→ **Provided data**:
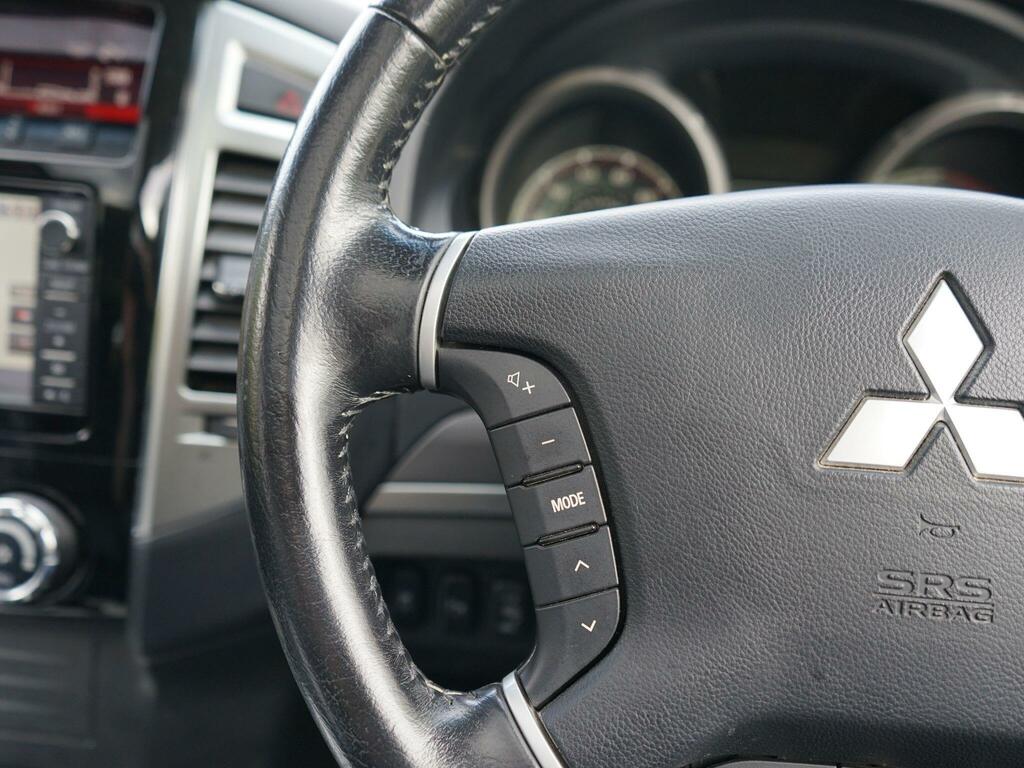 Mitsubishi Shogun 3.2 Di-dc Barbarian Swb 3-Dr Station Wagon  #30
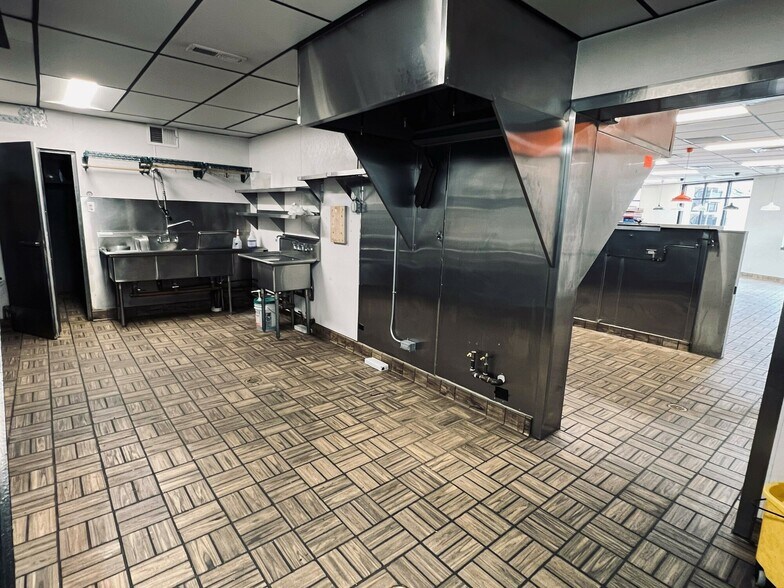 More Photos Of 5215 N Milwaukee Ave, Chicago General Retail For Sale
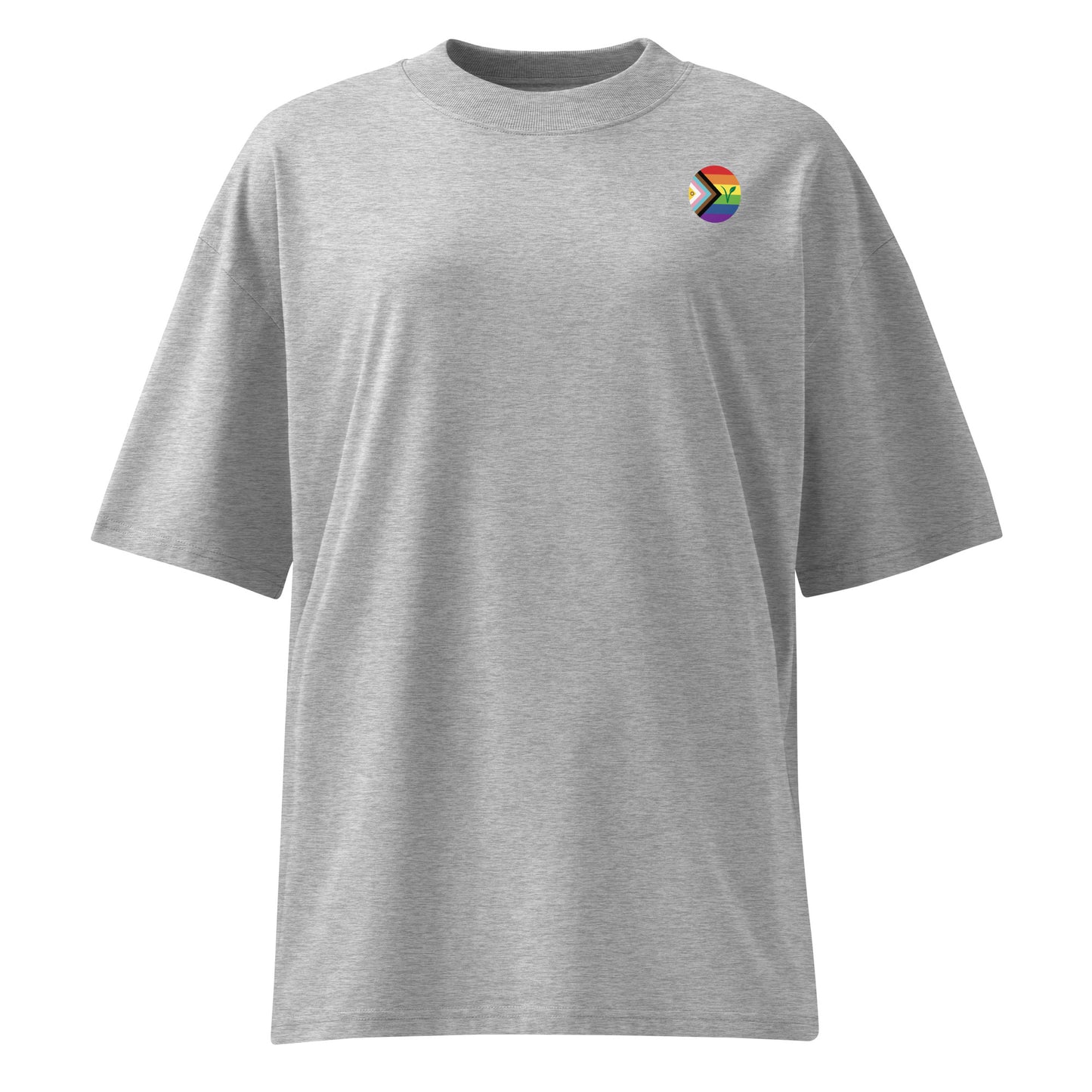 Graues Oversized-T-Shirt aus Bio-Baumwolle mit kleinem LGBTQAI+ und Vegan-Symbol als Brustaufdruck.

→ **What the exercise asks**: Leave the pictures out, and copy exactly each line from the one containing "More Photos Of" through the final line of the data.

→ **Expected answer**:
 More Photos Of 5215 N Milwaukee Ave, Chicago General Retail For Sale
 Graues Oversized-T-Shirt aus Bio-Baumwolle mit kleinem LGBTQAI+ und Vegan-Symbol als Brustaufdruck.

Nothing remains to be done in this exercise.